If momentum over Methodist marriage equality has turned, could ordination issues again resurface?
Funny you should ask.
- A lesbian ministry candidate recently sought ordination in Texas. Though Mary Ann Barclay’s candidacy was rejected by the Board of Ministry, it is not clear whether her sexual orientation was an issue. It was not discussed during her interview, and the Board’s public statement on May 14, 2014, stated, “The Board thanks Mary Ann for her time and we affirm her as a person of sacred worth, created by God. We have learned from her and we extend our respect for her work in ministry at her local church.” The reasons for rejection were based on the lack of qualifications quite apart from her sexual orientation–at least, that was the official rationale. Earlier Judicial Council actions had allowed the process to continue despite her sexual orientation.
- At the session of the California-Nevada Annual Conference that convened last week, a resolution was passed indicating that the conference would not discriminate against LGBT candidates for ministry.

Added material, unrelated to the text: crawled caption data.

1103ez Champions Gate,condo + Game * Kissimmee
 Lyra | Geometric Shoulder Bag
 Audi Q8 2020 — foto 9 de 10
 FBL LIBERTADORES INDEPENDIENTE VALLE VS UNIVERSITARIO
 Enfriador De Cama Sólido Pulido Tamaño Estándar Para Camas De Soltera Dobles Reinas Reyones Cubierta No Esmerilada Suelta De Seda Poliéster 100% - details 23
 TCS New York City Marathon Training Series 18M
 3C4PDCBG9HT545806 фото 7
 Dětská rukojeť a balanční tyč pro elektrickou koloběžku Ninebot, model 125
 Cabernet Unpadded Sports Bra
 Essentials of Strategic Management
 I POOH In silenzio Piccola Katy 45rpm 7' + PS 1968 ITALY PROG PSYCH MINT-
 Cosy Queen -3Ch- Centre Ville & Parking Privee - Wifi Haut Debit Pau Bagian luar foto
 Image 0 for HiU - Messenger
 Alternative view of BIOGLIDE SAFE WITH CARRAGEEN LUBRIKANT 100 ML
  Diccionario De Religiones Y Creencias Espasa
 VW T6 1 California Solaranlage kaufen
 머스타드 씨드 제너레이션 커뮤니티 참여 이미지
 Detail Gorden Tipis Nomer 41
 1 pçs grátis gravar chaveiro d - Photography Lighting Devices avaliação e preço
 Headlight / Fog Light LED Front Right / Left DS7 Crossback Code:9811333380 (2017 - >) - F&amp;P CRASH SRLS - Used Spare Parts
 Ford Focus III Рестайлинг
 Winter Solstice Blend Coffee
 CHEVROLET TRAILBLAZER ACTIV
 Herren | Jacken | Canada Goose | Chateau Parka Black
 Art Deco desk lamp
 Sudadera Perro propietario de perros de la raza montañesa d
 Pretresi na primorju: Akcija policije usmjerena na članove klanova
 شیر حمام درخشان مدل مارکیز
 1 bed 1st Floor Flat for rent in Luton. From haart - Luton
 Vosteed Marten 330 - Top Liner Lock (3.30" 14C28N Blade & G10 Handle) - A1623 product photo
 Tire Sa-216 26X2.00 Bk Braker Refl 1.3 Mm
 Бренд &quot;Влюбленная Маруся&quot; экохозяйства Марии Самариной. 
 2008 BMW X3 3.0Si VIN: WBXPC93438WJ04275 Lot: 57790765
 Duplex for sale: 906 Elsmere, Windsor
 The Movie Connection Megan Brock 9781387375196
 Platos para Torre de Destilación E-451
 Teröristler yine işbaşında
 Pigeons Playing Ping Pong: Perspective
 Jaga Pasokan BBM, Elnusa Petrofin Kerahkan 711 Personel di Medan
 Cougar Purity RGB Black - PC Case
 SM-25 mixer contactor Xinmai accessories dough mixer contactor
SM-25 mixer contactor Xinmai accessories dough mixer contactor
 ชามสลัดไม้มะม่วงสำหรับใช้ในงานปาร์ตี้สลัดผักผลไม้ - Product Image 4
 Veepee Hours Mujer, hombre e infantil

More specifically, the adopted resolution indicated that “The California-Nevada Annual Conference believes that the mandates of inclusion … take precedence over the discriminatory mandates of exclusion.”
- In Wisconsin, Rev. Amy DeLong, whose celebrated ecclesiastical trial in 2011 signaled shifting attitudes, has quietly been re-appointed to pastoral ministry. Although she acknowledges herself to be an “out, partnered lesbian” (as noted in her blurb on the back cover of my book), Bishop Hee-Soo Jung considered her eligible for appointment, and she was appointed to be pastor of River Falls UMC of River Falls, Wisconsin. At the just-concluded session of the Wisconsin Annual Conference, there was no public objection to her appointment although the bishop has received a private letter of objection.
The situation in the Methodist church is fluid. As gatekeepers retreat, they raise the specter of schism. Some church leaders are proposing a middle ground, a de jure local option in which individual annual conferences could choose to be fully LGBT inclusive. That may, indeed, be the direction of the church, but the local option already exists, de facto, as evidenced by the actions noted above. There is concern by some progressives that writing a local option into the Book of Discipline would create a segregated system in which some jurisdictions would remain discriminatory. Adoption of a local option policy may not be a stepping stone to full inclusion but an end-all that entrenches Jim Crow-like segregation for LGBT persons in pockets of the church. On the other hand, a local option policy would perhaps minimize a potential schism; if a schism were to occur, departing schismatics would undoubtedly retain their discriminatory ways. One way or the other, LGBT discrimination will likely remain in some corners of Methodism.